MATERIAL PROVIDED |
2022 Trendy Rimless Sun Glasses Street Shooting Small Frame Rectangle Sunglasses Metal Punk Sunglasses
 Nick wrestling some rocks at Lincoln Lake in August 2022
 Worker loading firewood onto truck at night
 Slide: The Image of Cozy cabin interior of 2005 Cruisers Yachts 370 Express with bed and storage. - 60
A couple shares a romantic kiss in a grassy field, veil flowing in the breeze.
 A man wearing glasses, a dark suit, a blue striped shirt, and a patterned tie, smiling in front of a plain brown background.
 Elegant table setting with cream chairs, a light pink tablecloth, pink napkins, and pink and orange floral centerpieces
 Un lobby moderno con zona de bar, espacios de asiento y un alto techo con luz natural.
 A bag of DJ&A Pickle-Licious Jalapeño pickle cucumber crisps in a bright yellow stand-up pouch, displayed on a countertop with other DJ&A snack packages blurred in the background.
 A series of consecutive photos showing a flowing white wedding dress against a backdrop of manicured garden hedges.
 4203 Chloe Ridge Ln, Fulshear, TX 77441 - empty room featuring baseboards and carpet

TASK INSTRUCTIONS |
Retype only the lines above between the line with "Nick wrestling some" and the line with "A man wearing", counting those two lines as well, and keep every character as it is.

RESULT OF THIS EXERCISE |
 Nick wrestling some rocks at Lincoln Lake in August 2022
 Worker loading firewood onto truck at night
 Slide: The Image of Cozy cabin interior of 2005 Cruisers Yachts 370 Express with bed and storage. - 60
A couple shares a romantic kiss in a grassy field, veil flowing in the breeze.
 A man wearing glasses, a dark suit, a blue striped shirt, and a patterned tie, smiling in front of a plain brown background.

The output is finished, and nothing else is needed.